Callaway is OK with this for two reasons. One: She says this is the house she and her husband will die owning. The kids can collect their belongings now or then.
And two: “Out of sight, out of mind. If I can stick it back in the far corner of the basement, and I don’t have to see it, I don’t care what’s back in there. She can store an elephant if she wants to.”
When Callaway was in her 30s her mother gave her an ultimatum about clearing out: Take your junk or I’m dumping it. Callaway listened. But when she tried the same with Anonymous, it only brought tears and deadline extensions.
“It’s not worth upsetting her over it because it’s just stuff, and it’s an unfinished basement,” she said.
Cheryl Ball, on the other hand, is dealing with a different set of issues. Several years ago, in the space of about 11 months, her daughter Julie and both of her parents died, leaving behind Julie’s young daughter, Mikayla, and a mountain of items.
Ball, who lives in Lee’s Summit, says she wishes her other daughter Nancy would help her look through everything.

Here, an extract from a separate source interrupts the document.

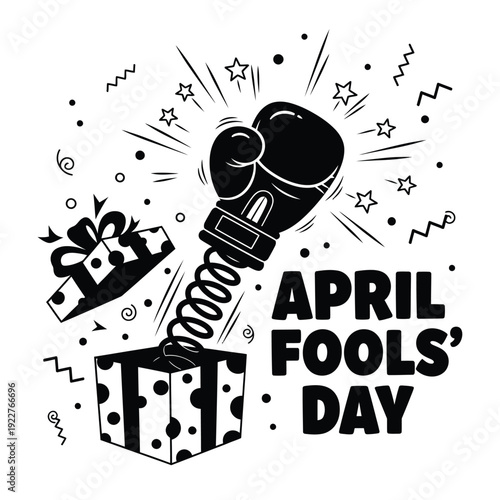 Boxing glove on a spring pops out of a gift box, 'April Fools' Day' text, humorous illustration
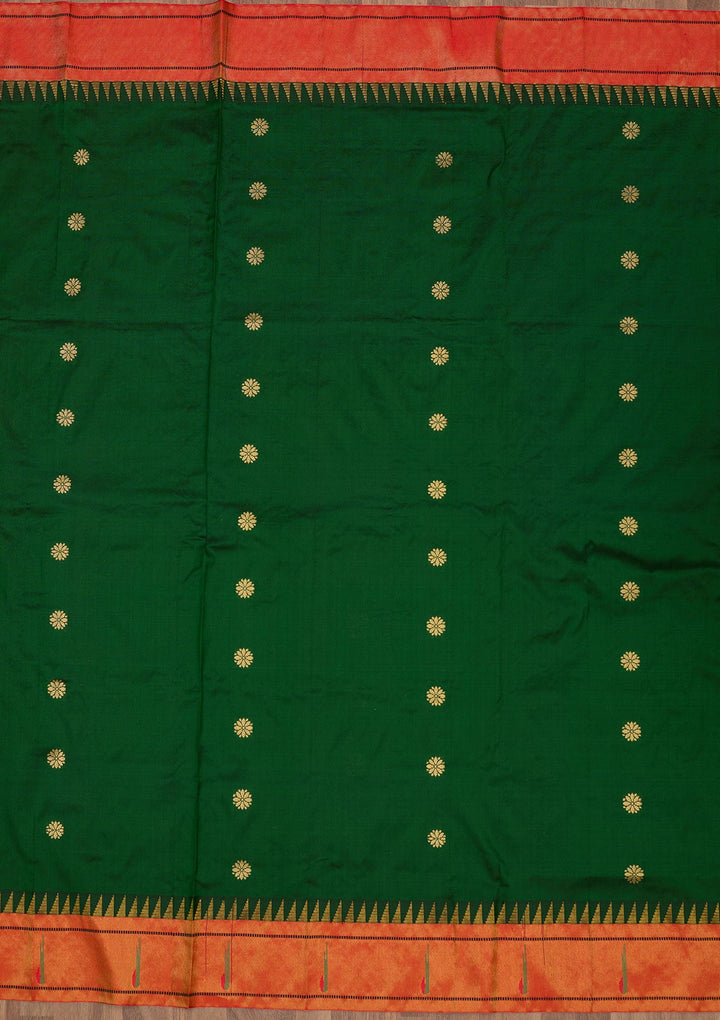 Bottle Green Zariwork Pure Silk Saree-Koskii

However, Nancy lives in Florida, and her visits are short enough as it is, not to mention the emotions that go with such a sorting task.
The main items on Ball’s mind are the baby grand piano and a huge collection of photo albums.
Of the piano she says, “The girls wanted me to keep it, so I keep it.” Her mother bought it in the mid-1940s and taught Ball and both of her daughters to play on it.
Now Mikayla is learning to play the piano — Ball is teaching her. The 12-year-old has adopted her mother’s flute and piccolo and seems to have inherited her talent as well.
As for the photo albums, Ball says she can’t throw away pictures. “My mom was religious about putting things in albums.” But they’re taking up most of the closet space in her apartment.
What’s she to do?
Echoing Callaway, Ball says that sooner or later Nancy will have to deal with all of it. She’d really like the piano out in the near future, though. She has even thought of shipping it to Nancy but knows the cost would be exorbitant.
Kaki Speicher of Shawnee can offer some counsel about shipping large items.
She’s mother to four, ages 31 to 45. And before we get into the shipping stories, quick shoutout to Katie, the youngest Speicher, who rented a storage unit for her stuff before she moved to Taiwan recently. Nice work, Katie.
The Speichers will be moving to Florida in March, which means they’re anxious to deal with their other daughter Trinn’s large doll collection and son Greg’s Brio trains.
So Speicher packed the Madame Alexander dolls — a precursor to American Girl dolls — into three giant boxes and shipped them to Trinn, 42, in Houston. Before Speicher knew what hit her, the boxes were back on her doorstep, and she ended up paying for a round-trip ticket for them.
Trinn says she was never notified by the shipper that they had arrived. Katie to the rescue, though.
According to her mom, “Katie thinks it’s hysterical,” so she offered up some real estate in her storage unit for the dolls.
And lucky for Greg, 39, that he already happens to live in Florida. His Brio trains will ride along with all his parents’ other possessions. To his credit, he’d been telling his mother to get rid of them for years.
But she refused. “Being a mama, that’s part of my problem. I thought, someday he’ll change his mind. We just found out that in June he’s having a son,” Speicher says, smiling big.
My own father tells me that “in the final analysis, it’s really not a big deal, unless it’s turned into an unhealthy hoarding situation.” But he also notes that, “The longer you keep stuff, the higher the sentimental value grows, until these things become priceless in everybody’s minds.”
Little does he know that those Cabbage Patch dolls are priceless and that one day, when the style comes back around, I’ll be strutting my stuff in that acid-washed jacket.